Some time ago I was on a call with IBF board members discussing situations where social media data signals rapid changes in demand for a product. These data might include some favorable online reviews of products or a celebrity mentioning a certain product, leading to a rise in demand. These are great “predictive” downstream demand signals, but since they cause very rapid spikes in demand, current forecasting processes could not incorporate the information quickly enough to act upon it. I blurted out “We need to start thinking about Quick Response Forecasting techniques”, making up the term on the spot.
Since then, Quick Response Forecasting (QRF) has gained a lot of traction among forward-thinking Demand Planners and Forecasters, and I recently wrote a detailed piece on it in the Journal Of Business Forecasting. Now we are at the point where demand planning organziations can identify very real applications for QRF in their own companies, and develop a framework to turn advance knowledge of changes into meeting spikes in demand with sufficient supply.
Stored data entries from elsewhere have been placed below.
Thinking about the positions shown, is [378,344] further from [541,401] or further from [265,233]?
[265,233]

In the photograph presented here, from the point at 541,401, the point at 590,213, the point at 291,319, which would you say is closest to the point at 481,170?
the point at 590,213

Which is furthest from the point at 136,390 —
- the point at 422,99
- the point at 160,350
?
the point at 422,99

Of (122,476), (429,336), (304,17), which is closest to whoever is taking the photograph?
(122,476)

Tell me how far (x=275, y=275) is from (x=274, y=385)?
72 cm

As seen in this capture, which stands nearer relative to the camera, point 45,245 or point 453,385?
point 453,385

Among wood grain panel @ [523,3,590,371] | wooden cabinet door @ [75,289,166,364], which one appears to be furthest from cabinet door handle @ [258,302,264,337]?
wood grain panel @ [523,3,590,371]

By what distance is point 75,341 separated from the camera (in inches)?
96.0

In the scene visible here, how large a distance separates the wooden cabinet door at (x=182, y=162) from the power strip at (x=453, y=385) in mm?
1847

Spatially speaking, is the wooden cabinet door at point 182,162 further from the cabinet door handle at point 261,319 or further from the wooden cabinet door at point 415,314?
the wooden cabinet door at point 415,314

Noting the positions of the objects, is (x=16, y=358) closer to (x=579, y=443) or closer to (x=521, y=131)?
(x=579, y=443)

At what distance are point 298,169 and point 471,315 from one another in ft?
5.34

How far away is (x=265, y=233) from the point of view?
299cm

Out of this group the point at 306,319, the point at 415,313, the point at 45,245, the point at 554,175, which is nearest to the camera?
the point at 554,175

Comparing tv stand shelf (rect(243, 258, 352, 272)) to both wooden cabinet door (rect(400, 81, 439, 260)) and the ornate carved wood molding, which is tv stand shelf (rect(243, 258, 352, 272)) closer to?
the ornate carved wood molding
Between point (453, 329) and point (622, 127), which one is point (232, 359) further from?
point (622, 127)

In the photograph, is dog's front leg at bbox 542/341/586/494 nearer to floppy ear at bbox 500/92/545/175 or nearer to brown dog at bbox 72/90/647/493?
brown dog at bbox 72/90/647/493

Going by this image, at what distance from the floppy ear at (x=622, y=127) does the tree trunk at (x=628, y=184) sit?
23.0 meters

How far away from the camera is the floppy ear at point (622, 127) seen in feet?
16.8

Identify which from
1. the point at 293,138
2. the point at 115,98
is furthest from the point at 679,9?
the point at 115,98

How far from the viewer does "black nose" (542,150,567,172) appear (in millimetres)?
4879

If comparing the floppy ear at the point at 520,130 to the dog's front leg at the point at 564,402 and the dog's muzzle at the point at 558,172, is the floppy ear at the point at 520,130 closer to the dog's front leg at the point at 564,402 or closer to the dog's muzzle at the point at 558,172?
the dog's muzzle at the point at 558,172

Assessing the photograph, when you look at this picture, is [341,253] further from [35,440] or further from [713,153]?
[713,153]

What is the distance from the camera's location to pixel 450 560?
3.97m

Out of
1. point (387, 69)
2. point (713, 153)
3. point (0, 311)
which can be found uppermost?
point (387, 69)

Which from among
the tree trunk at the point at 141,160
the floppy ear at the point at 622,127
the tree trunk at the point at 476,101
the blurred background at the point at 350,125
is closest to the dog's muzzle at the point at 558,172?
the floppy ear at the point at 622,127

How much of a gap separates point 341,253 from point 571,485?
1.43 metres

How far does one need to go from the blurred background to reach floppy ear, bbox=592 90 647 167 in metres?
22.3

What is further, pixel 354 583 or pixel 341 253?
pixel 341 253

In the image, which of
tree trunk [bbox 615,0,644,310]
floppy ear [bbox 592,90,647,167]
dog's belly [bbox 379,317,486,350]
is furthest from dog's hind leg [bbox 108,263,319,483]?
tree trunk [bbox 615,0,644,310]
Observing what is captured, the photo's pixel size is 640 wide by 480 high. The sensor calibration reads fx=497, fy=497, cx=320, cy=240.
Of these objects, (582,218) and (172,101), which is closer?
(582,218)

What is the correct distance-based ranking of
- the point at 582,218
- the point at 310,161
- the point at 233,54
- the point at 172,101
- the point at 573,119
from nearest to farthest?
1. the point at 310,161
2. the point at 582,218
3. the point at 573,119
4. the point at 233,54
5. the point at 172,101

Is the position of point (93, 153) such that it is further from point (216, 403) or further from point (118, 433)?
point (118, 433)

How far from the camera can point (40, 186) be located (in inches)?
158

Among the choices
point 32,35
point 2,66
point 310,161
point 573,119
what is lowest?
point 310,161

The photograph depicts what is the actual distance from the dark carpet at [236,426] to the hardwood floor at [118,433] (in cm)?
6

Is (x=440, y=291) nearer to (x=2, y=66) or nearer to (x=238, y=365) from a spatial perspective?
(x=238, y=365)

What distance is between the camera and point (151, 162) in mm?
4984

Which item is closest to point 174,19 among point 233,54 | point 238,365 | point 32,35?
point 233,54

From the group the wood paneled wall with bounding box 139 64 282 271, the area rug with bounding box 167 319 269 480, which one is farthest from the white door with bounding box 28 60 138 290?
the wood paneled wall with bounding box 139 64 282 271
QRF leverages predictive analytics, social media information, and other Big Data.
What Is Quick Response Forecasting?
Quick Response Forecasting is updating forecasts in line with ‘real’ and rapid changes in demand, both during and between planning cycles. Data sources can be POS data or unstructured data like social media comments.
Quick Response Forecasting Solves The Availability Issue In Case of Spikes In Demand
A contact of mine works for a company that sells nail polish. Lady Gaga, at one of her concerts, wore a unique color of nail polish that his company sells. Shortly thereafter, social media lit up and sales of this item went through the roof. The company and its supply chain partners ran out of the product, as well as a key ingredient that went into making it. The company was not prepared to take full advantage of the rapid change of demand for this nail polish and missed out on a significant revenue opportunity. Had QRF been employed by the company, they would have been able to react quickly enough to ensure enough inventory was available.
Quick Response Forecasting Makes Sense Of Big Data
QRF leverages predictive analytics, social media information, and other Big Data. This relates to the explosion in digital data and the enormous amount of information available about customers and product users on the World Wide Web. As data get bigger, companies are looking for techniques and methods to both find and incorporate a few key demand signals among Big Data’s noisy information deluge.
QRF is a way to maximize revenue from rapidly emerging opportunities that are happening right now, and opportunities that are likely to develop in the very near future.
Quick Response Forecasting Supports Short-Cycle Planning
Like the nail-polish demand spike mentioned above, supply chains often cannot act quickly enough to take full advantage of the opportunity that the demand signal offers. More frequent forecasting has the potential to increase forecast accuracy in terms of identifying rapid changes in demand but supply chain responsiveness may be too sluggish to take full advantage of it. For example, manufacturing managers might complain about getting whipsawed by demand forecasts that change rapidly, despite their increased accuracy.
One quote I often use with regard to planning responsiveness came from a manager who ran the S&OP process at a high-tech company. Generally, these types of companies operate ‘responsive’ rather than “efficient” supply chains. Responsive supply chains handle high-margin, high-value products.
Their major goals are less about minimizing operating costs and inventories, and more about maximizing inventory availability at the point-of sale/consumption in order to capture potential upside revenue. One thing QFR is not, is supply chain optimization.
How QFR Can Work In Practice
A typical S&OP process is a routine planning process that would be too disrupted by having to incorporate QRF, so it is not a good candidate process. QRF is needed to support teams that are specially put in place, on an ad hoc basis, to manage significant event-based and substantial demand changes like natural disasters, celebrity endorsements etc. These teams should be cross-functional and be supplemental to the S&OP process. The teams need to be quickly assembled once an on-going QRF forecasting organization detects that a demand spike or significant demand change has occurred, or is likely to occur.
Once the team is put in place, QRF forecasts for the event need to be continually provided to the quick response supply team. If forecasters ask managers whether they need QRF today, they will likely say no. They don’t want their operations to be whipsawed by frequently changing forecasts. This is why a separate and special quick-response supply process will be needed to handle each event.
If you are on the lookout for an organization to partner with to develop QRF and supply response teams, your sales organization is the best bet. The teams are focused on going after significant revenue opportunities, for which current processes are too slow to take advantage of. If you can identify highly lucrative revenue opportunities, Sales will jump at the chance to exploit it. A supply response team will be tasked with taking full advantage of an opportunity, in terms of squeezing as much revenue from it as possible.
Bottom Line: We All Need QRF To Maximize Big Data Opportunities
In short, QRF is a way to maximize revenue from rapidly emerging opportunities that are happening right now, and opportunities that are likely to develop in the very near future. It incorporates the ability to forecast unstructured data like Facebook comments or online reviews, and requires ta specialist supply team that sites apart from the standard S&OP process to respond quickly, switching supply up or down as required. In the age of Big Data where technology promises to deliver greater insight and greater revenue opportunities, QRF is exactly what we need to make it a practical reality.